[Required work] Could you write out every record below exactly, leaving out any pictures?

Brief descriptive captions
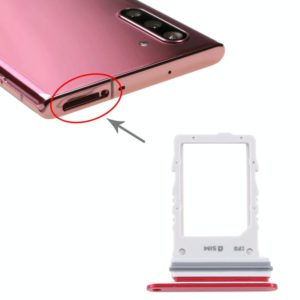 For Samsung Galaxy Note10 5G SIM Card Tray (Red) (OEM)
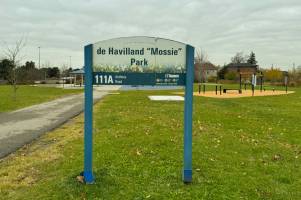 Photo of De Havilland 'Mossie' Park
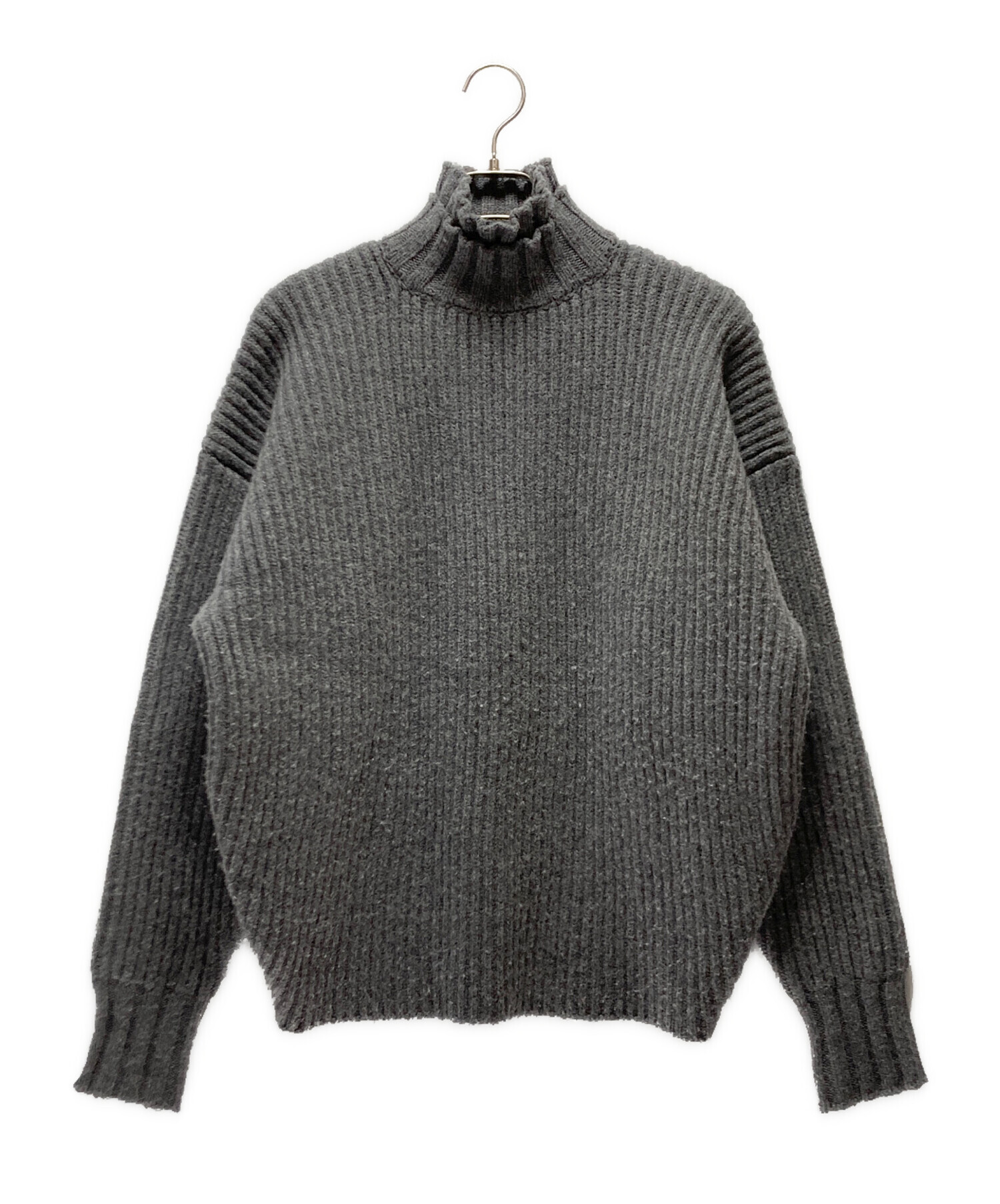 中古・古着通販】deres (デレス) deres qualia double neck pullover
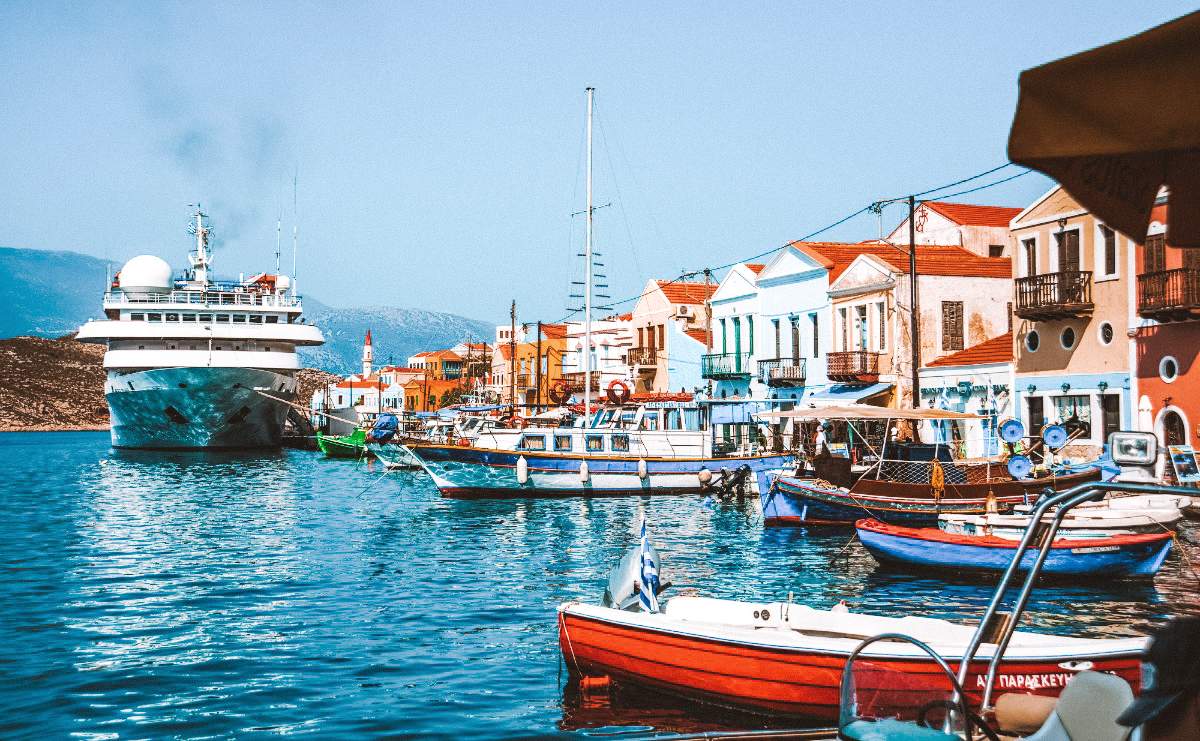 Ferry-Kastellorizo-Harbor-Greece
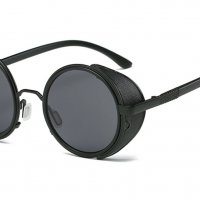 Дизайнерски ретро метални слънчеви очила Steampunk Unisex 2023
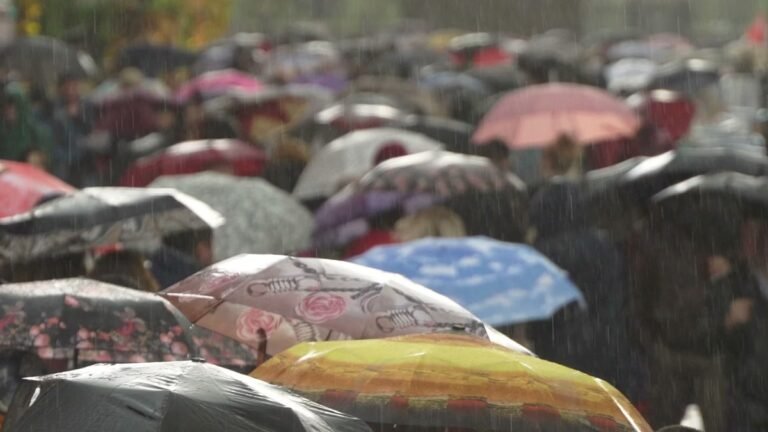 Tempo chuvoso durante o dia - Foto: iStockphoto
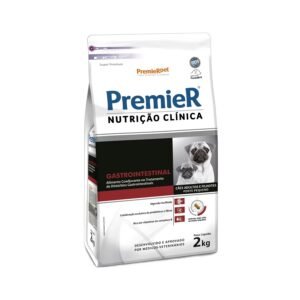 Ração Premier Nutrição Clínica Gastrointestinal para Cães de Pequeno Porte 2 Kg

[Result of this task]
 For Samsung Galaxy Note10 5G SIM Card Tray (Red) (OEM)
 Photo of De Havilland 'Mossie' Park
 中古・古着通販】deres (デレス) deres qualia double neck pullover
 Ferry-Kastellorizo-Harbor-Greece
 Дизайнерски ретро метални слънчеви очила Steampunk Unisex 2023
 Tempo chuvoso durante o dia - Foto: iStockphoto
 Ração Premier Nutrição Clínica Gastrointestinal para Cães de Pequeno Porte 2 Kg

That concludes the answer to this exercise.